Le bombeaba el coño con mi miembro, duro como una piedra, a mi suegra. No podía más, iba a correrme. Notaba esa sensación de eyaculación inminente. Aceleré el mete y saca, mete y saca, mete y saca, hasta enloquecer. El viejo sofá, parecía que iba a quebrarse y el coño de mi suegra, sonaba con un chapoteo, que aumentaba más mis ansias de penetrarla.
– ¡Teresita, me corro, me corro! – grité con todas mis fuerzas.
Saqué mi polla de su coño y me incorporé rápidamente, dirigiendo mi miembro a su rostro. Quería hacerlo, tenía que hacerlo, no podía desaprovechar la oportunidad de ello. Quería correrme sobre su rostro.
Sentí un violento espasmo y un chorro espeso de semen, golpeó el rostro de mi suegra. Pude escuchar el semen, chocar contra su cara. La mujer, frunció el ceño y se sobresaltó. Otro chorro, cubrió los cristales de sus gafas. Otro más, cayó sobre sus labios y se escurrió por su mejilla. Otro espasmo me sacudió y solté dos chorros más, algo menos espesos, menos blancos, más transparentes, que cubrieron la cara de Teresita.
El olor a semen, inundó la estancia.
– ¡Dios, Dios, Teresita, Teresita, oh, suegra! ¡Oh, suegra, oh, suegra! – dije entre resoplidos, mientras mi corazón estaba a punto de explotar.

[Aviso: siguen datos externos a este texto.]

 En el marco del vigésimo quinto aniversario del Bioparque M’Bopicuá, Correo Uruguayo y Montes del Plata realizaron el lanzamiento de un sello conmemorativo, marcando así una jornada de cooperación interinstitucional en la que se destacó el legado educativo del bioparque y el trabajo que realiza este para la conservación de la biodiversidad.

Puse la punta de mi polla, en los labios cubiertos de semen, de mi suegra. Hice fuerza y se la metí en la boca, follándome esta, lentamente.
Me senté en el sofá. Estaba exhausto. Mi suegra, se levantó, con su rostro bañado en mi semen. Caminó hasta un pequeño fregadero, con sus ubres bamboleándose. Luego, se quitó las gafas, limpiándolas bajo el grifo. Acto seguido, escupió y se lavó la cara. Se secó con una toalla, la cara y los pechos. Metió sus tetas en las copas del sujetador y se abrochó la blusa. Torpemente, se puso las bragas y se acomodó la falda. Miró su pequeño reloj dorado, en su muñeca.
– David, es tarde y hay que ir a buscar a Luis, al colegio – dijo con total seriedad.
Me sorprendió. Era como si para la anciana, no hubiera pasado nada.
Durante el trayecto en coche, hasta el colegio de mi hijo, no hablamos ni una palabra.
Al llegar, antes de bajarnos del coche, mi suegra me miró fríamente y me dijo, que nunca debíamos decir nada de lo que había pasado.
Se bajó y fue a buscar a mi hijo.
No he vuelto a tener sexo con mi suegra. Han pasado tres meses de aquello. Mi relación con ella, sigue siendo igual que antes. Es sorprendente, cómo actúa, como si no hubiera pasado nada.
A veces, cuando estoy en su casa y la ayudo en la cocina, mientras todos están en el salón, me acerco a tocar sus tetas. Ella me deja, pero al cabo de unos segundos, me quita las manos y me dice que no está bien, que ya pasó lo que pasó y que así, estuvo bien.
Deseo follarme a mi suegra Teresita, otra vez. Deseo que me la chupe, chupar sus tetazas, penetrarla. Sólo espero volver a conseguirlo, antes de que sea tarde.